Los miserables (Labaila tr.)/IV.2.1
Marius había asistido al inesperado desenlace de la emboscada que él mismo relatara a Javert; pero, apenas abandonó éste la casa llevando a sus presos en tres coches de alquiler, salió también él. No eran más que las nueve de la noche, y se fue a dormir a casa de Courfeyrac, que vivía ahora en la calle de la Verrerie, "por razones políticas", pues en esos tiempos la insurrección se instalaba tranquilamente en aquel barrio.

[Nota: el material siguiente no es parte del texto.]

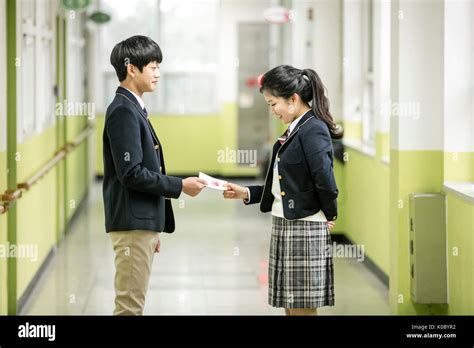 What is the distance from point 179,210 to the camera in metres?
11.8

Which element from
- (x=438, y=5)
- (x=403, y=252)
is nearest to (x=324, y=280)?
(x=403, y=252)

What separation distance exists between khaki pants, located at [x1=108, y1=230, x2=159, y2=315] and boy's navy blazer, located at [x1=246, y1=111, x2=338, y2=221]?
59cm

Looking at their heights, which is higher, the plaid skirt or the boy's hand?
the boy's hand

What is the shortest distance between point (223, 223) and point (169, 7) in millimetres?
5059

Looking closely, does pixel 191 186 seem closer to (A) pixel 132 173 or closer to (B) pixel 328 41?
(A) pixel 132 173

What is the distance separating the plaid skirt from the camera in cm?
400

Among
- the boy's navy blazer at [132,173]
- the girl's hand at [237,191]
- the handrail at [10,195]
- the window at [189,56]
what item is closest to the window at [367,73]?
the handrail at [10,195]

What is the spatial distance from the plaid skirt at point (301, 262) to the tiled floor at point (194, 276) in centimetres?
221

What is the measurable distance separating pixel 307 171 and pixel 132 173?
2.38ft

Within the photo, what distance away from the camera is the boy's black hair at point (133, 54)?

- Vengo a alojar contigo -dijo Marius.
Courfeyrac sacó un colchón de su cama, que tenía dos, lo tendió en el suelo y dijo:
- Aquí tienes.
Al día siguiente, a las siete de la mañana, Marius volvió al caserón Gorbeau, pagó el alquiler, hizo cargar en un carretón de mano sus libros, la cama, la mesa, la cómoda y sus dos sillas, y se fue sin dejar las señas de su nueva casa.
Pasó un mes y después otro. Marius seguía en casa de Courfeyrac. Supo por un pasante de abogado, visitante habitual de la Sala de los Pasos Perdidos, que Thenardier estaba incomunicado, y daba todos los lunes al alcaide de la cárcel cinco francos para el preso.
Marius, no teniendo ya dinero, pedía los cinco francos a Courfeyrac; era la primera vez en su vida que pedía prestado. Estos cinco francos periódicos eran un doble enigma: para Courfeyrac que los daba, y para Thenardier que los recibía.
- ¿Para quién pueden ser? -pensaba Courfeyrac.
- ¿De dónde diablos puede venir esto? -se preguntaba Thenardier.
Marius estaba desconsolado. Había vuelto a ver por un momento a la joven a quien amaba, pero un soplo se la había arrebatado. No sabía ni su nombre; seguramente no era Ursula y la Alondra era un apodo. ¿Y qué pensar del viejo? ¿Se ocultaba, en efecto, de la policía?
Todo se había desvanecido, excepto el amor.
Para colmo volvía a visitarlo la miseria; sentía ya su soplo helado. Y es que desde hacía algún tiempo había descuidado sus traducciones; y no hay nada más peligroso que la interrupción del trabajo, porque es una costumbre que se pierde. Costumbre fácil de perder y difícil de volver a adquirir.
Todo su pensamiento era Ella; no pensaba en otra cosa; se daba cuenta confusamente de que su traje viejo estaba inservible y que el nuevo se transformaba rápidamente en viejo.
Le quedaba una sola idea dulce: que Ella lo había amado; que su mirada se lo había dicho; que Ella no sabía su nombre, pero conocía su alma, y que tal vez en el lugar en que estaba lo amaba aún.
En sus paseos solitarios descubrió un sitio de especial belleza y, por lo tanto, poco frecuentado. Era una especie de prado verde al lado del arroyo de los Gobelinos. Un día, hablando con uno de los escasos paseantes, supo que se le llamaba el Campo de la Alondra. La Alondra era el nombre con que Marius, en las profundidades de su melancolía, había reemplazado a Ursula.
- ¡Este es su campo! -dijo en el estupor poco lógico de los enamorados-. Aquí sabré dónde vive.
Esto era absurdo, pero irresistible.
Y desde entonces fue todos los días al Campo de la Alondra.